With regal procession, ancient ritual and rousing gospel melody, the people of St. James' Episcopal Church, a historically African-American congregation on West Baltimore's Lafayette Square, bid farewell last night to its beloved rector, the Rev. Michael B. Curry.
Curry, 46, who has served at St. James for 12 years, will embark on a new ministry next month as bishop of the Diocese of North Carolina. He will become the first African-American to lead an Episcopal diocese in the southern United States.
Last night's service took place in the church that was restored under Curry's leadership after a devastating fire in 1993. The building is a graceful blend of traditional church design with subtle African motifs that has garnered several architectural awards.
Wearing white vestments with red stoles, bishops and priests from other parishes were situated in the sanctuary in front of hundreds of worshipers. Curry was clad in the simple black cassock and white collar of a priest. A back altar was covered with white lilies from Sunday's Easter liturgy.
Recounting Curry's accomplishments, the Rt. Rev. Robert W. Ihloff, the Bishop of Maryland, told the congregation that their spirit would go to North Carolina with their rector.
"You know as well as I know that Michael was shaped by the people in this place over the last 12 years," Ihloff said. "This is a very special parish."
History of congregation
The history of St. James, the first African-American Episcopal congregation south of the Mason-Dixon Line, was a subtext of last night's celebration of Curry's ministry. The sermon was delivered by the Rev. Jesse F. Anderson Jr., rector of the African Episcopal Church of St. Thomas in Philadelphia, which is St. James' mother church. The Baltimore congregation was founded in 1824 by the Rev. William Levington, a free black who had been ordained at St. Thomas.
Anderson and Curry have become friends over the years as the churches exchanged choirs. Curry, renowned for his preaching, occasionally preached to the Philadelphia congregation.
In answering the call to be bishop of North Carolina, Curry faced a dilemma, Anderson said of his friend.
"Do I remain at St. James where I am comfortable, loved and well-fed? And where there is still work to be done?" Anderson said of the questions facing Curry. "Or do I heed the word of God, which I teach and firmly believe?"
For his sermon, Anderson took as his text the Gospel of Luke, chapter 9, where Jesus asks his disciples, "Who [do] you say that I am?"
"Who is the new bishop of North Carolina?" Anderson asked. "Who do people say that he is?"
Exuberant preaching style
For some in his new diocese, the experience may be unsettling, for Curry's exuberant style of preaching and fondness for gospel music might strike some as "un-Episcopal," he said.
But the people at St. James last night had no such fear.
"To St. James," Anderson said, "you the man! The man we must now share with the rest of the world and the church.

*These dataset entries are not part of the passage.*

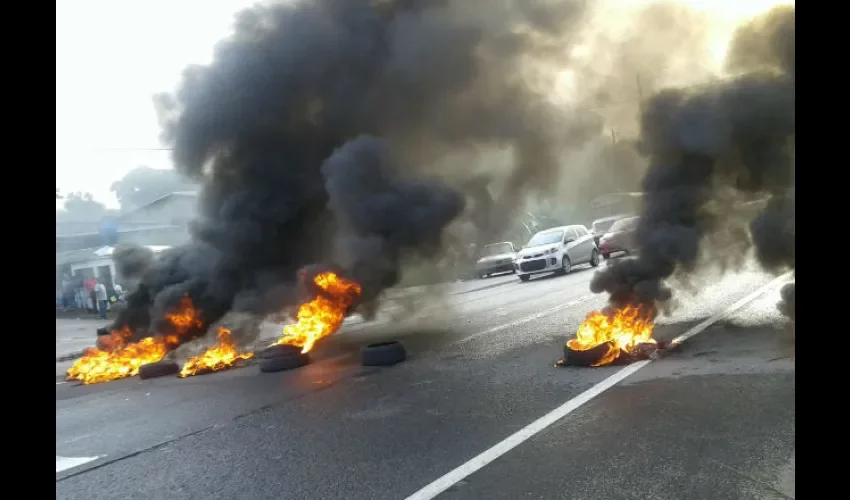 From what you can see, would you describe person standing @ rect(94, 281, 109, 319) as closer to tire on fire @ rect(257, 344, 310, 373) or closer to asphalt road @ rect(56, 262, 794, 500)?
asphalt road @ rect(56, 262, 794, 500)

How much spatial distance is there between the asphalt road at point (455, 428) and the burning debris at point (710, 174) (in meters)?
0.94

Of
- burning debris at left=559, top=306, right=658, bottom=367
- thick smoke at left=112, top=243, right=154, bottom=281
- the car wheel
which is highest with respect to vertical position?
thick smoke at left=112, top=243, right=154, bottom=281

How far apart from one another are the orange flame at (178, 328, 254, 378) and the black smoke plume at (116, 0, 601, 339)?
0.82 m

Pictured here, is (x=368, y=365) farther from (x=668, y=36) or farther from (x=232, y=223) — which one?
(x=668, y=36)

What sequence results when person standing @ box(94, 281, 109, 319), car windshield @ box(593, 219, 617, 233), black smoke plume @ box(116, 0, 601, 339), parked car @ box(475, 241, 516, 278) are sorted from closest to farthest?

"Who does the country and church say that he is? One of, if not the best, preachers in the Episcopal Church," Anderson said as the crowd rose to its feet, applauding.
Then Curry rose to formally relinquish his office.
"I have, with God's help and to the best of my abilities, exercised this trust, accepting its privileges and responsibilities," he said. "It is now time that I should leave this charge, and I publicly state that my tenure as rector of St. James' Episcopal Church, Lafayette Square, Baltimore, Maryland, ends this day."
He approached St. James' registrar, Lucy Swain, and handed her the church registries.
"I now turn over to your care the canonical register of services, the registers of baptisms, confirmations, burials and holy matrimony," Curry said.
Turning to Jacob DeWitt Howard III, the junior warden, Curry said: "I now return the keys to the church given me at my installation as rector."
'I now depart'
Finally, turning to Ihloff, who will be Curry's mentor in his new office, he handed over a silver wand, "which is the symbol of the office I now depart."
Ihloff placed the wand on an altar dedicated to George Freeman Bragg Jr., a St. James' rector who served the church for nearly 50 years before his death in 1940.
"The rector's wand will remain on the George Freeman Bragg Jr. altar," Ihloff said, "until the induction of the new rector of St. James."